Lipodisks, which are generally more flexible and smaller than conventional liposomes, present promising opportunities for drug delivery applications. Their planar bilayer region is well-suited for the efficient encapsulation of hydrophobic/lipophilic drugs, while the curved rim offers a favourable environment for loading amphiphilic compounds. Our previous studies have demonstrated that melittin and related membranolytic amphiphilic peptides bind with high affinity to the rim of lipodisks. These peptides possess potent antimicrobial and anticancer properties; however, they are often prone to degradation and present formulation challenges. 

How will your research contribute for the benefit of patients?

The distinctive properties of lipodisks, including their capacity to encapsulate both membranolytic anticancer-peptides and conventional chemotherapeutic agents, make them promising candidates for use in co-delivery nanosystems intended for combination therapy of cancer. This approach, which combines two or more drugs with different mechanisms of action, offers the potential for significantly enhanced therapeutic efficacy and reduces both side effects and the risk of drug resistance development 

 What are some recent breakthroughs or discoveries that will advance in your field?
Studies comparing lipodisks to PEGylated liposomes show that lipodisks achieve greater tumour accumulation and significantly better tumour penetration. Recent results from our lab confirm that the use of lipodisks allows for efficient co-delivery of membranolytic anticancer-peptides and chemotherapeutic agents, such as  doxorubicin, pirarubicin, and SN-38. 

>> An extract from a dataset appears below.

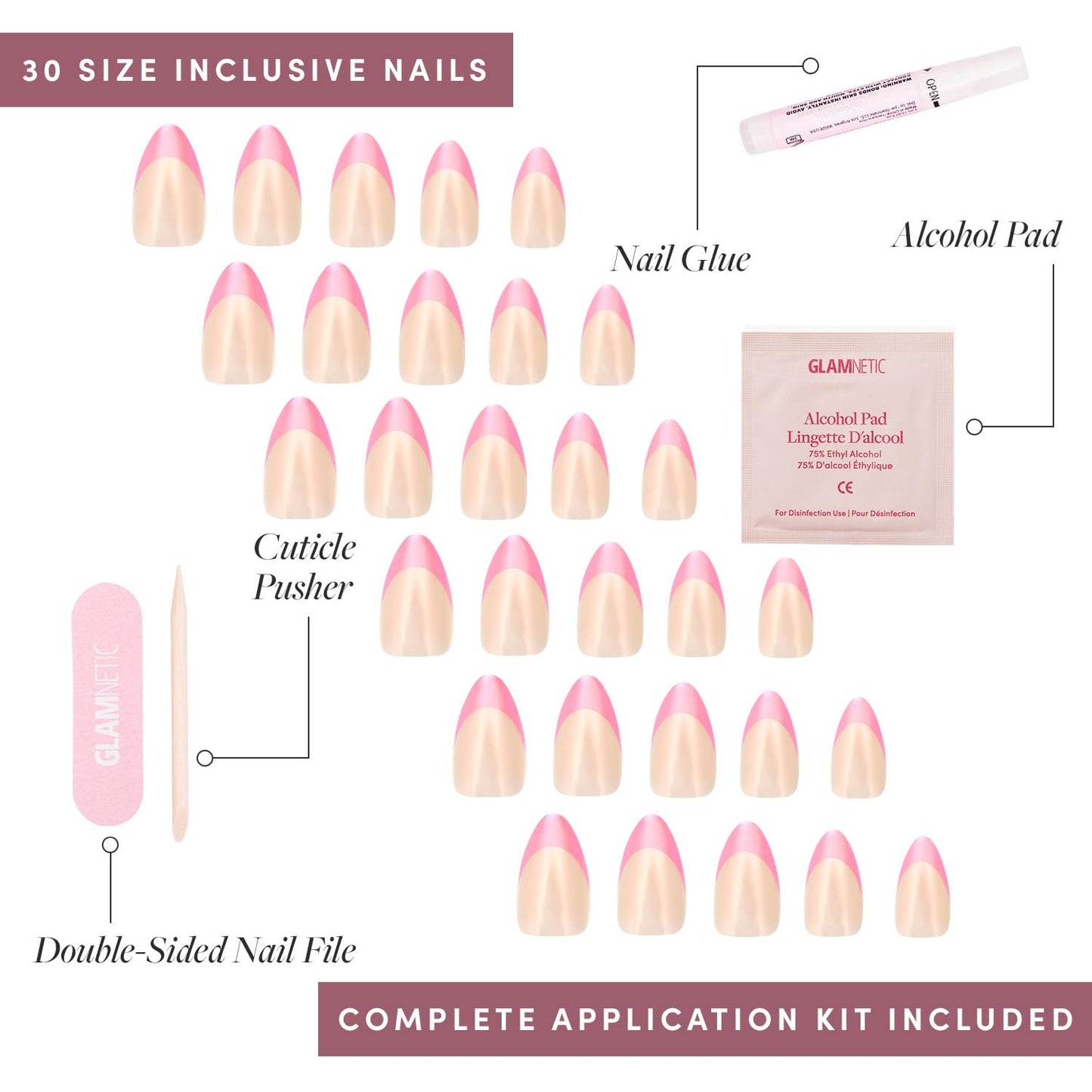 Glamnetic Press On Nails - Bubble Gum Glaze | Short Almond Pink French Tip Fake Nails with a Glaze Finish | 15 Sizes - 30 Nail Kit with Glue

What advice would you give to aspiring researchers interested in pursuing a career in your research area, and how can they contribute?

It’s difficult to give general advice, but I believe it’s important to select topics that you have a genuine interest in and to focus on issues that spark your curiosity. A broad and diversified scientific contact net is always helpful, and can be built by, e.g., attending conferences and pursuing a postdoctoral stay abroad. Don’t hesitate to initiate or engage in collaborations with researchers that hold complementary knowledge or that have expertise and access to potentially useful experimental techniques. Moreover, remember that many great discoveries have their origin in unexpected findings. Thus, be open to and follow up on surprising findings and results.